-- TASK INPUTS follows --

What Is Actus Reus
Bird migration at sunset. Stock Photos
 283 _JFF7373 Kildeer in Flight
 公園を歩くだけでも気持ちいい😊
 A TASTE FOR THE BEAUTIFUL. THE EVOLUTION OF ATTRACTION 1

-- TASK INPUTS concluded --

*REQUIRED WORK:* Repeat every entry exactly. Nothing may be dropped.

*YOUR RESPONSE:*
What Is Actus Reus
Bird migration at sunset. Stock Photos
 283 _JFF7373 Kildeer in Flight
 公園を歩くだけでも気持ちいい😊
 A TASTE FOR THE BEAUTIFUL. THE EVOLUTION OF ATTRACTION 1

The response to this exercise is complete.